News Update

Fact check: Deceptive Republican attack ad uses images from Trump presidency to depict 'chaos' under Biden

The 30-second ad from the National Republican Congressional Committee, titled “Chaos,” begins with House Speaker Nancy Pelosi predicting “bold progress for the people when we have President Joe Biden in the White House.” It then contrasts Pelosi’s words with a rapid-fire series of photos and videos depicting scenes of violence and tumult in the US and abroad.
Parts of that speedy montage, though, are highly misleading.
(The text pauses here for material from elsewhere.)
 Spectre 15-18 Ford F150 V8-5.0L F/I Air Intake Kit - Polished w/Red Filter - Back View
Facts First: At least three of the images in the Republican ad were actually taken in 2020, during the Trump administration, not during the Biden administration in 2021.
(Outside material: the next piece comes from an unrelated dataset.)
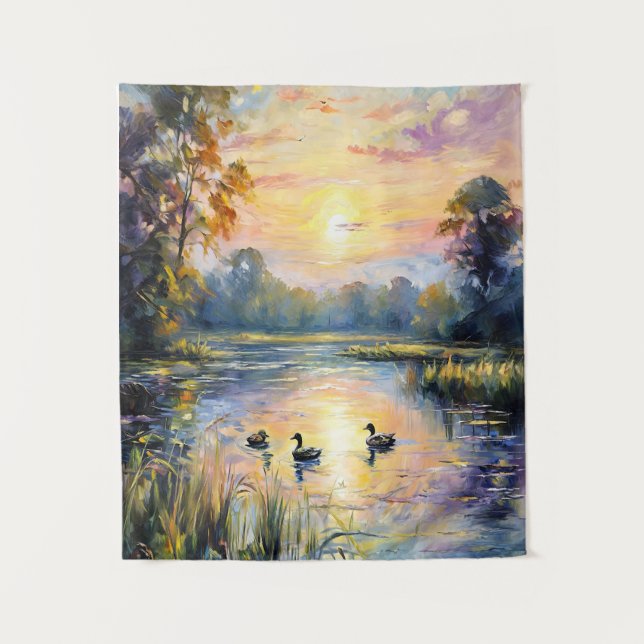 Golden Tranquillity Sunset Pond Landscape with Duc Tapestry (Front)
Axios reported that the National Republican Congressional Committee would spend less than $100,000 on the ad and that it would run for only one day on right-wing Fox News, Newsmax and One America News Network. (The committee has also posted it on social media.) Still, Axios noted that the ad “sets the tone for the cycle” — Monday is one year out from the 2022 midterm Election Day — and the deception here is pretty egregious.
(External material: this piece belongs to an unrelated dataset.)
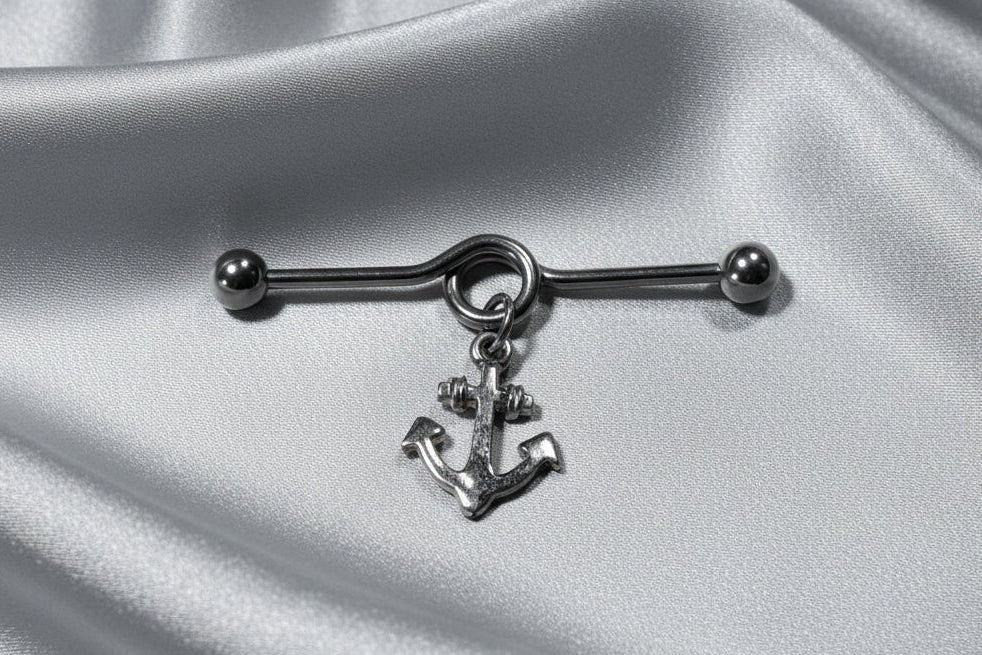 Dangling Anchor Industrial Ear Barbell in 316l stainless steel horizontal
Nowhere does the ad offer any indication that the images from 2020 are not from Biden’s presidency.
The clip of the Molotov cocktail
At the 11-second mark, the ad shows a Molotov cocktail being thrown toward police officers. This footage is from rioting in Portland, Oregon, in September 2020, after a Kentucky grand jury decided to indict one of three officers involved in the killing of Breonna Taylor.
Videos of the Molotov cocktail incident were filmed by journalists Sergio Olmos and Pierce Singgih and posted online at the time.
The clip of the smoke and fireworks
Immediately after the clip of the Molotov cocktail incident, the ad shows red smoke rising from a street lined with cars as fireworks go off above. That clip is also from a night of Portland street clashes and also from 2020; an identical or near-identical video from what appears to be the same scene was filmed and posted on Twitter in July 2020 by journalist Justin Yau. (His caption: “Activists threw smoke grenades and fireworks to cover their advance.”)
The clip of the Black Lives Matter sign
At the 17-second mark, the ad shows flames rising around an elevated sign that reads “BLACK LIVES MATTER.” As Washington Post reporter Dave Weigel pointed out on Monday, this image is from Kenosha, Wisconsin, in August 2020, during the unrest that followed the police shooting of Jacob Blake. (The sign belonged to a Unitarian Universalist church.)
Republicans would be free to point out in an ad that each of these three clips are from cities governed by Democratic mayors (though it would be fair for Democrats to respond that Trump was president). But this particular ad does something different — it tries to pin the scenes of urban chaos on the Biden administration. And that’s simply dishonest.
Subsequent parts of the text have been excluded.